Posts Tagged ‘cloud’

“Big Data”

Read Full Post »

Directly from my PhD thesis.

Read Full Post »

I have recently started to look at the BSP (Bulk Synchronous Parallel) model of computation for large scale graph analysis.
The model itself is quite old, but it has seen a resurgence lately mainly because of the Pregel system by Google. Here the paper.
The idea of Pregel is to use synchronous barriers to cleanly separate messages in rounds.
In each step, a vertex can read the messages sent to it in the previous step, perform some computation, and generate messages for the next step.
When all the nodes vote to halt the  algorithm and no more messages arrive, the computation stops.

As with MapReduce and Hadoop, a number of clones of Pregel have popped up.
I will briefly review the most interesting ones in this post.


Apache Giraph

Giraph is a Hadoop-based graph processing engine open sourced by Yahoo! and now in the Apache Incubator.
It is at a very early stage, but the community looks very active and diverse. Giraph developers play in the same backyard of Hadoop, Pig and Hive developers, and this makes me feel confident about its future.
Giraph uses Hadoop for scheduling its workers and get the data loaded in memory, but then implements its own communication protocol using HadoopRPC. It also uses Zookeeper for fault tolerance by periodic checkpointing.
Interestingly, Giraph does not require installing anything on the cluster, so you can try it out on your existing Hadoop infrastructure. A Giraph job runs like a normal map-only job. It can actually be thought as a graph-specific Hadoop library.
However, because of this fact, the API currently lack encapsulation. Users need to write a custom  Reader + Writer + InputFormat + OutputFormat for each Vertex program they create. A library to read common graph formats would be a nice addition.

The good:
Very active community with people from the Hadoop ecosystem.
Runs directly on Hadoop.

The bad:
Early stage.
Hadoop leaks in the API.


Apache Hama

Hama is a Hadoop-like solution and is the oldest member in the group. Currently it is in the Apache Incubator and it was initially developed by an independent Korean programmer.
Hama focuses on general BSP computations, so it is not only for graphs. For example there are algorithms for matrix inversion and linear algebra (I know, one could argue that a graph and a matrix are actually the same data structure).
Unfortunately, the project seems to be moving slowly even though lately there has been a spike of activity, probably caused mainly by the GSoC (it works!).
Currently it is still at a very early stage:  the current version doesn’t provide a proper I/O API and data partitioner. From my understanding there is no fault-tolerance either.
From the technical point of view, Hama uses Zookeeper for  coordination and HDFS for data persistence. It is designed to be “The Hadoop of BSP”.
Given its focus on general BSP, the kind of primitives that it provides are at a low level of abstraction, very much like a restricted version of MPI.

The good:
General BSP.
Complete system.
The logo is cute.

The bad:
Early stage.
Requires additional infrastructure.
Graph processing library not yet released.

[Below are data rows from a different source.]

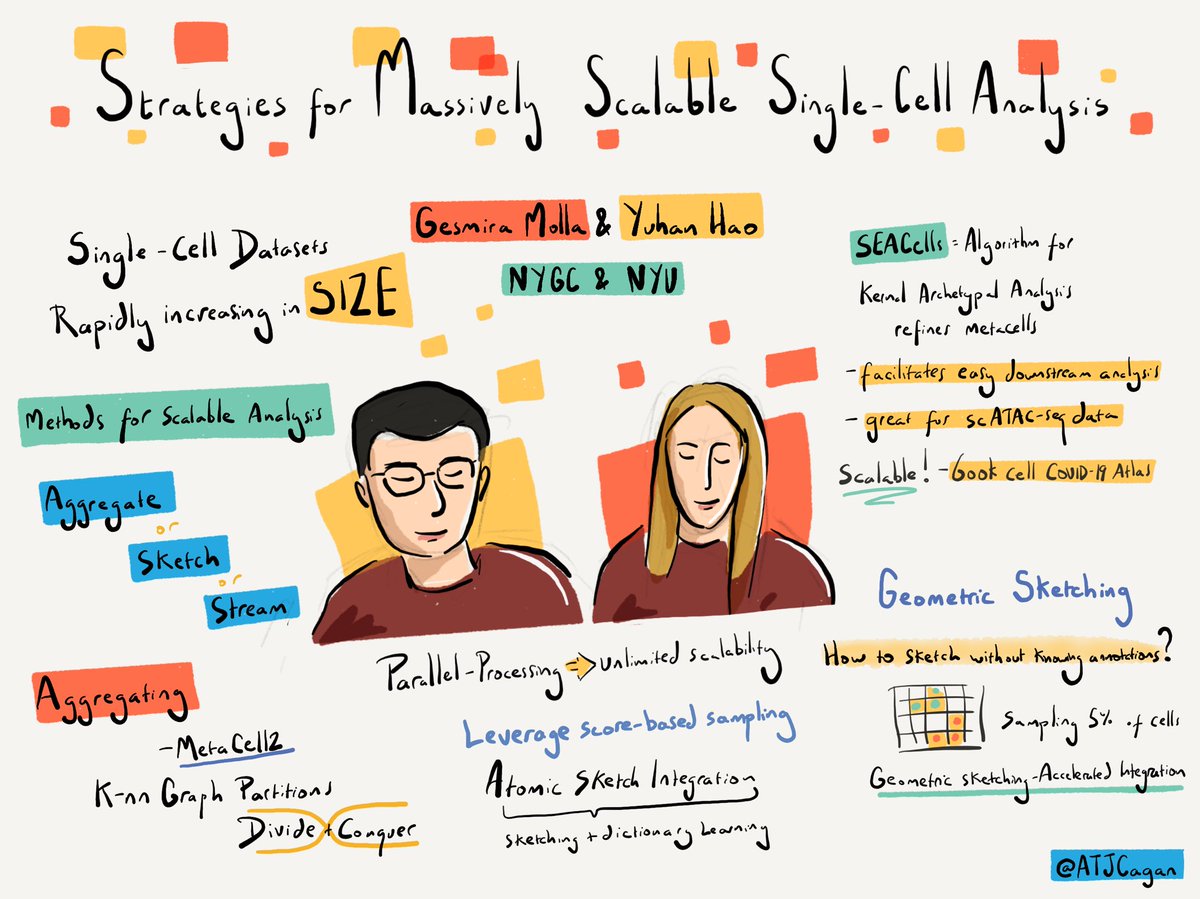 Gesmira Molla and Yuhan Hao overview strategies for massively scalable single-cell analysis #singlecellgenomicsday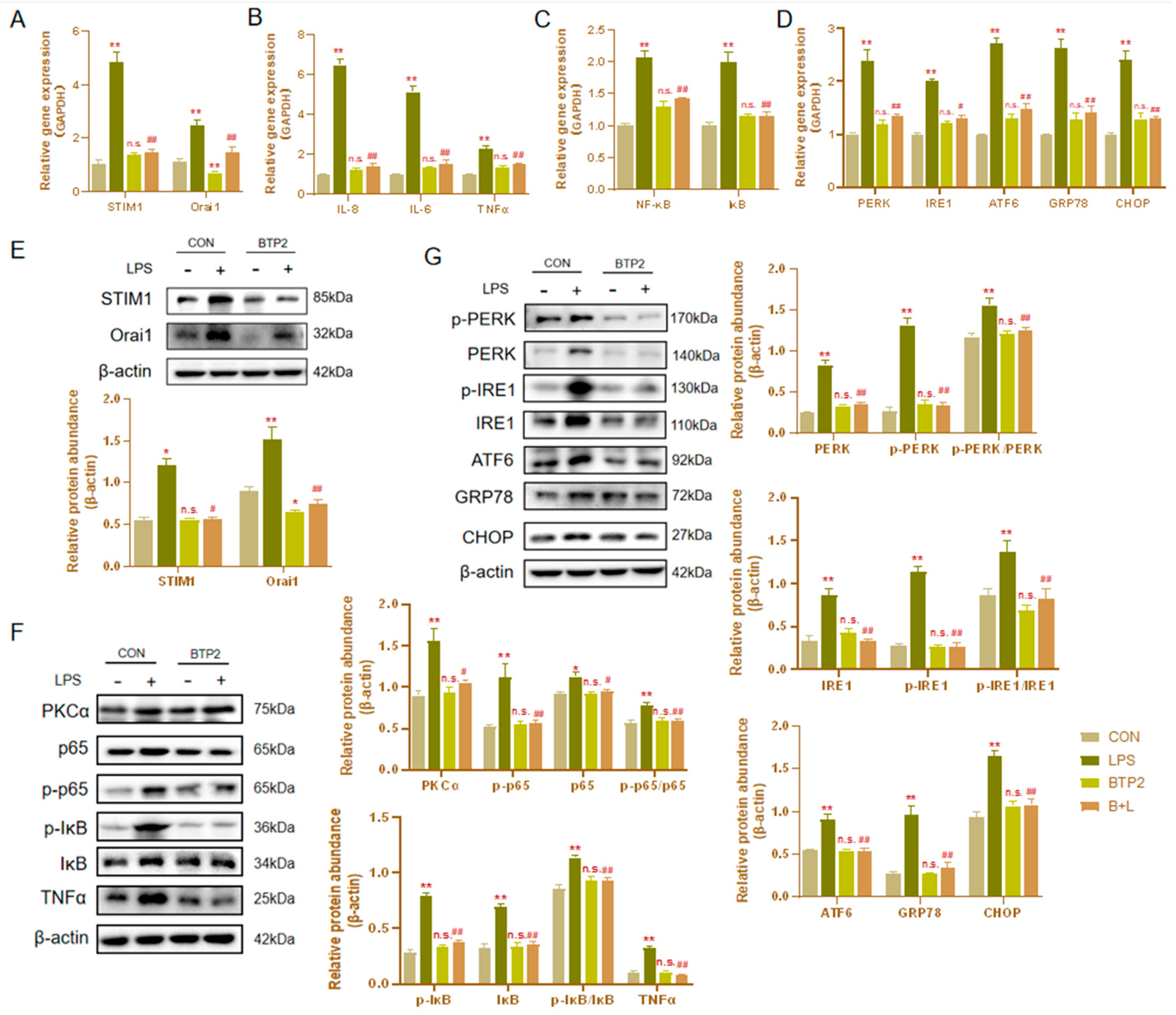 Genes 13 00874 g006 Genes 13 00874 g006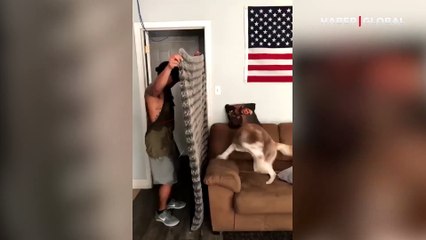 Yaptığı sihirbazlık ile ortadan kayboldu: Köpeğinin verdiği tepki viral oldu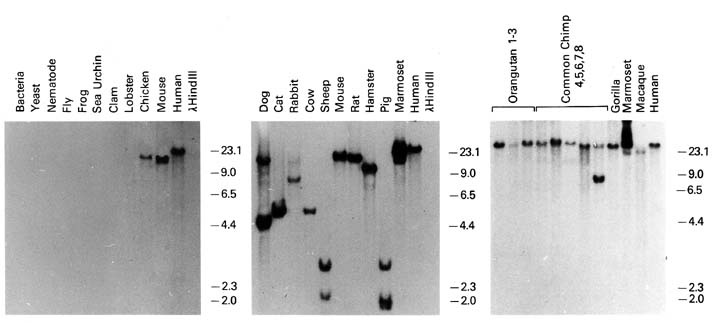 Multispecies genomic Southern blot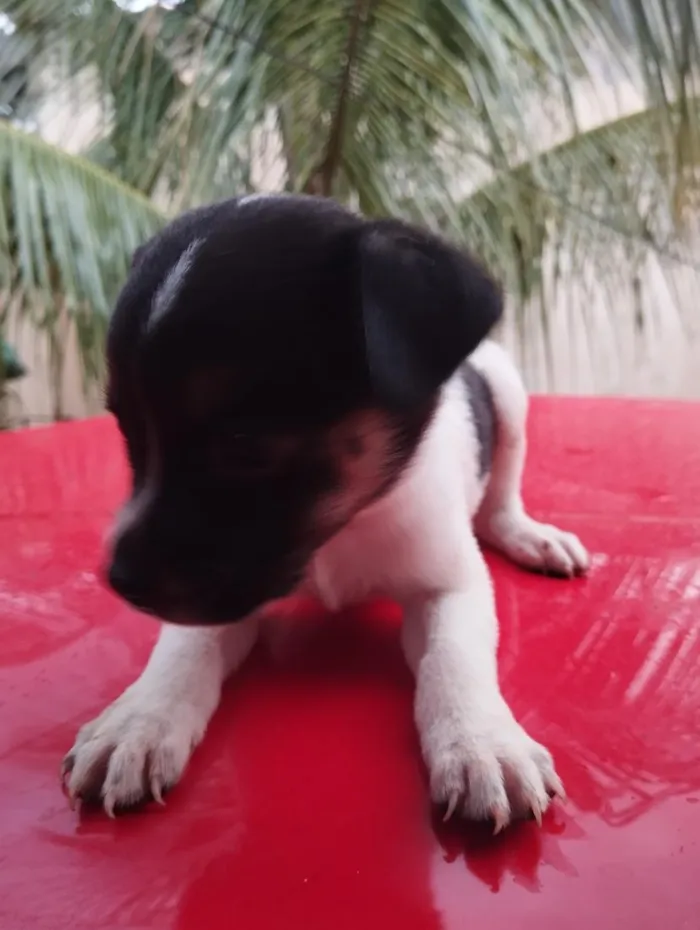 Cachorro raça SRD-ViraLata idade Abaixo de 2 meses nome sem nome 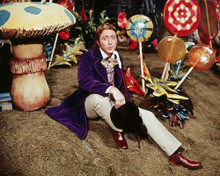 GENE WILDER PRINTS AND POSTERS 291089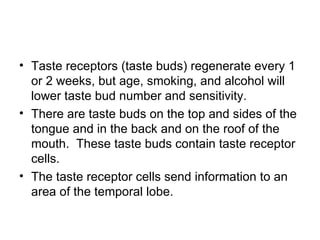 • Taste receptors (taste buds) regenerate every 1
  or 2 weeks, but age, smoking, and alcohol will
  lower taste bud number and sensitivity.
• There are taste buds on the top and sides of the
  tongue and in the back and on the roof of the
  mouth. These taste buds contain taste receptor
  cells.
• The taste receptor cells send information to an
  area of the temporal lobe.
 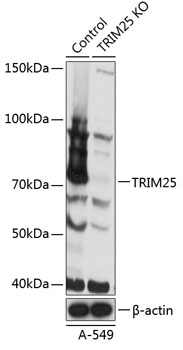 TRIM25 antibody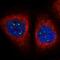 Mediator Complex Subunit 19 antibody, HPA040860, Atlas Antibodies, Immunofluorescence image 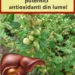 Unul dintre cei mai puternici antioxidanti din lume! Regleaza tensiunea, previne diabetul, elimina toxinele din ficat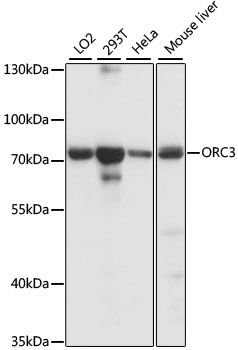 Western blot - ORC3 antibody (144-015415)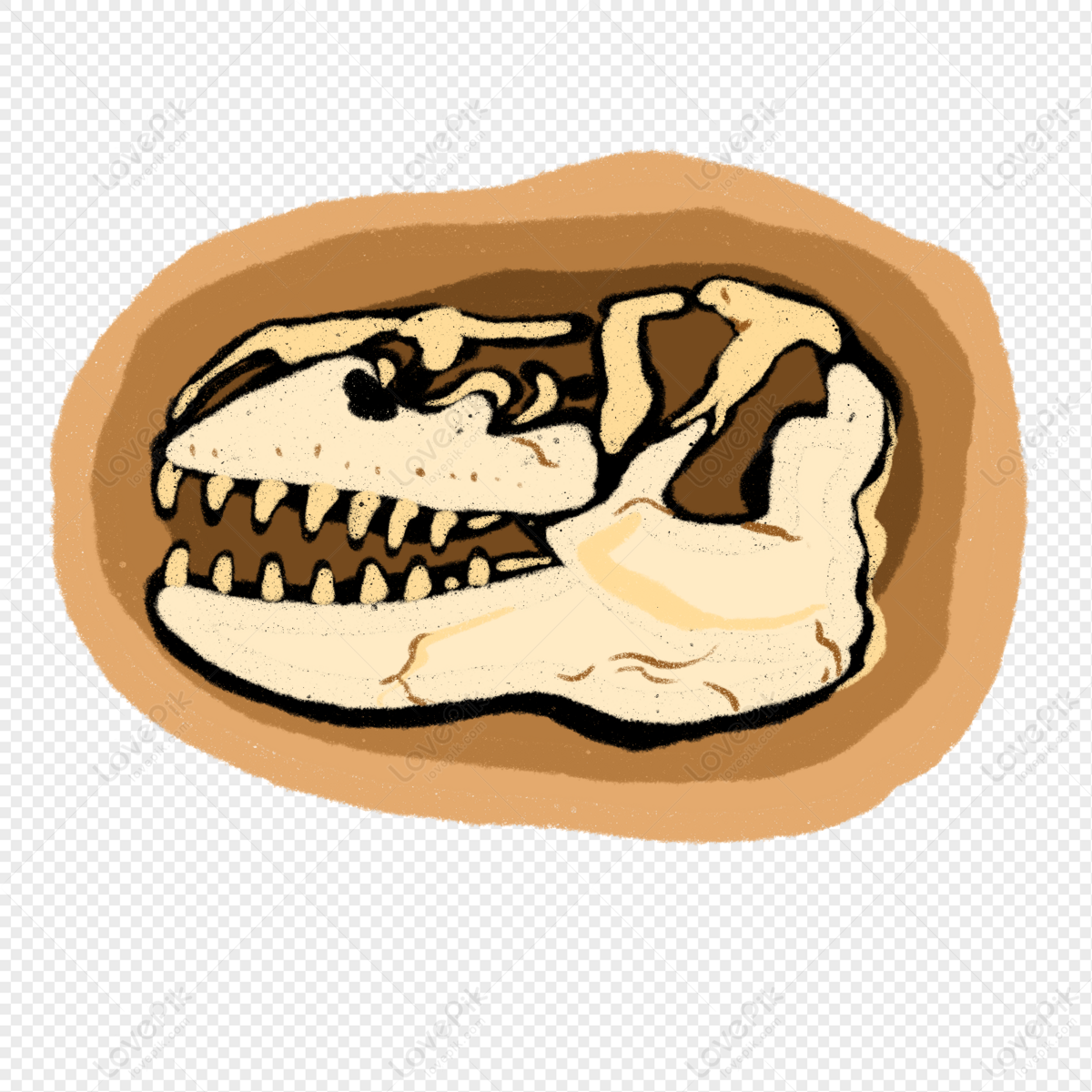 Dibujos Animados Animal Cráneo Fósil Ilustración PNG Imágenes Gratis -  Lovepik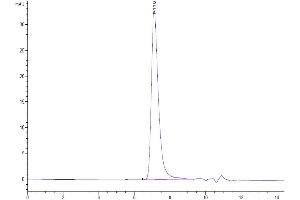 The purity of Human IL-1R3 is greater than 95 % as determined by SEC-HPLC. (IL1RAP Protein (AA 21-359) (His-Avi Tag))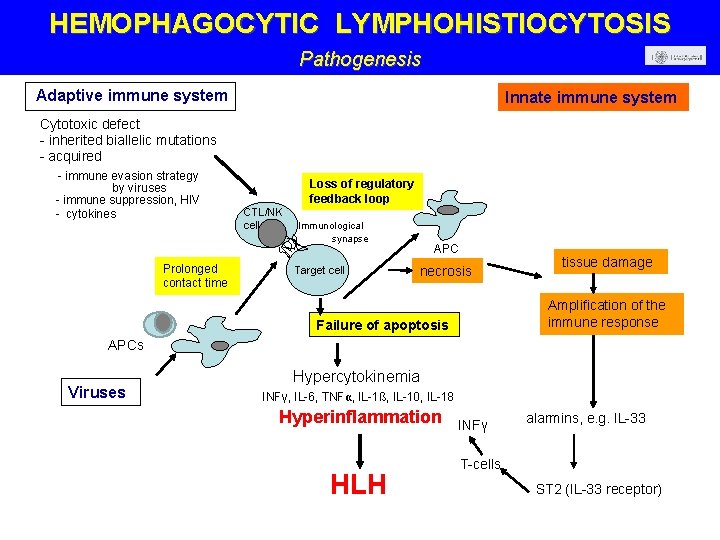 HEMOPHAGOCYTIC LYMPHOHISTIOCYTOSIS Pathogenesis Adaptive immune system Innate immune system Cytotoxic defect - inherited biallelic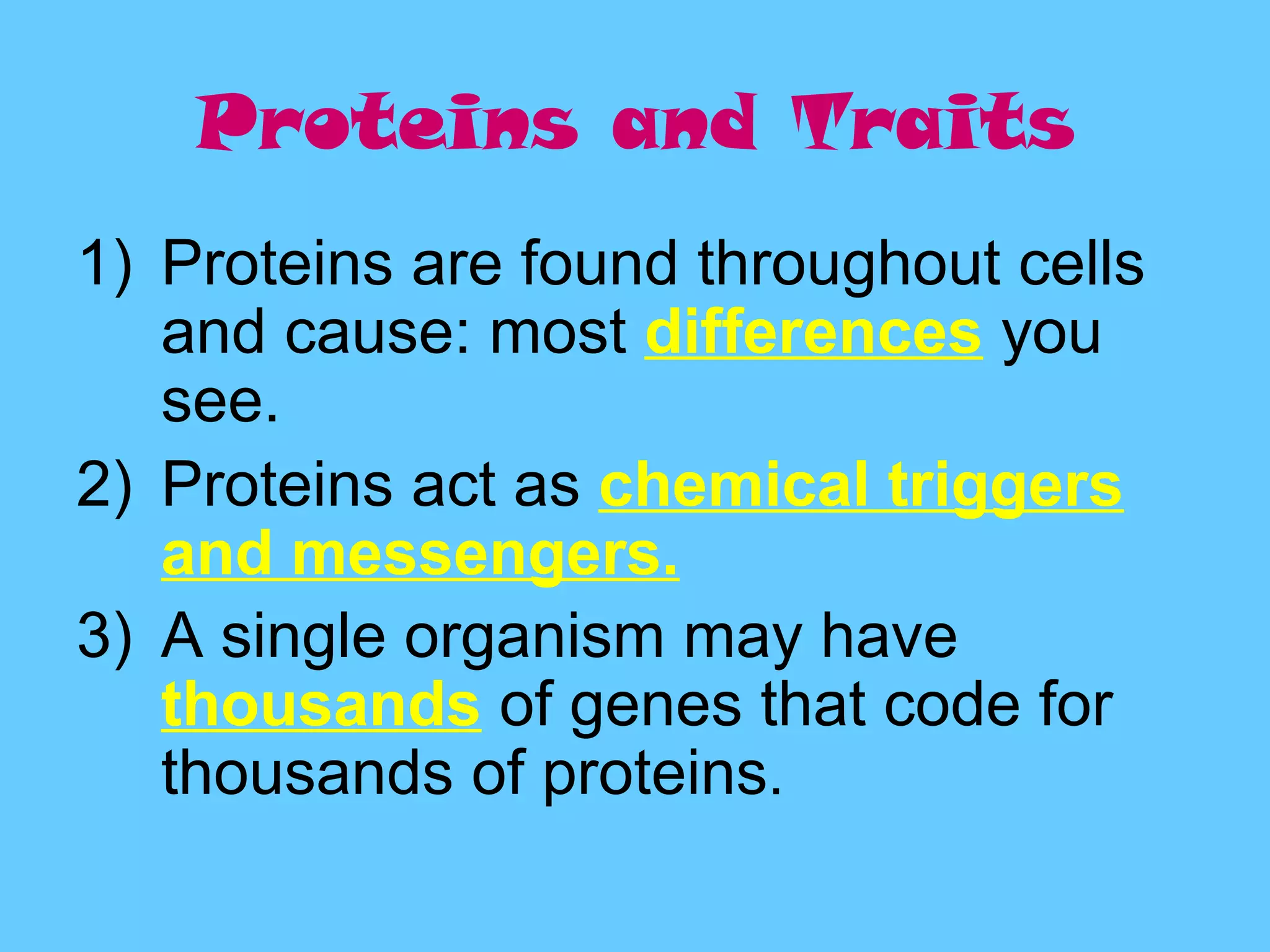 Proteins and Traits
1) Proteins are found throughout cells
   and cause: most differences you
   see.
2) Proteins act as chemical triggers
   and messengers.
3) A single organism may have
   thousands of genes that code for
   thousands of proteins.
 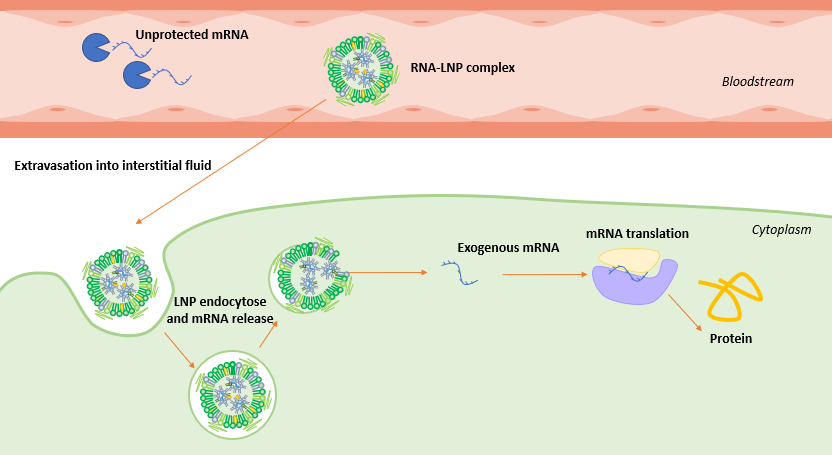 mRNA vaccine: Illustration of the mRNA-LNP delivery in the cell cytoplasm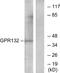 G Protein-Coupled Receptor 132 antibody, A30804, Boster Biological Technology, Western Blot image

GoldenOrb is a Hadoop based Pregel clone open sourced by Ravel. It should be in the process of getting into the Apache Incubator.
It is a close clone of Pregel and very similar to Giraph: a system to run distributed iterative algorithms on graphs.
The components of the system like vertex values (state), edges and messages are built on top of the Hadoop Writables system.
One thing I don’t understand is why they didn’t leverage Java generics. To get the value of a message you need to do ugly explicit casts:

@Override public void compute(Collection<IntMessage> messages) {
  int _maxValue = 0;
  for(IntMessage m: messages) {
    int msgValue = ((IntWritable)m.getMessageValue()).get();
    _maxValue = Math.max(_maxValue, msgValue);

As with Giraph, Hadoop details leak into the API. However, GoldenOrb requires additional infrastructure to run. An OrbTracker needs to be running on each Hadoop node. It Also uses HadoopRPC for communication. The administrator can define the number of partitions to assign to each OrbTracker and the threads per node to launch can be configured on a per-job basis.

The good:
Commercial support.

The bad:
Early stage, not yet in Incubator.
API has rough edges.
Requires additional infrastructure.



A final mention goes to JPregel. It is a Java clone of Pregel which is not Hadoop based.
The programming interface is thought from the ground up and is very clean.
Right now it is at a very very early stage of development, e.g. messages can only be doubles and the system itself is not yet finalized.
Interestingly, no explicit halting primitive is present. From what I understood it automatically deduces the termination by the absence of new messages.
It is a very nice piece of work, especially considering the fact that it has been done by only a couple of first year master students.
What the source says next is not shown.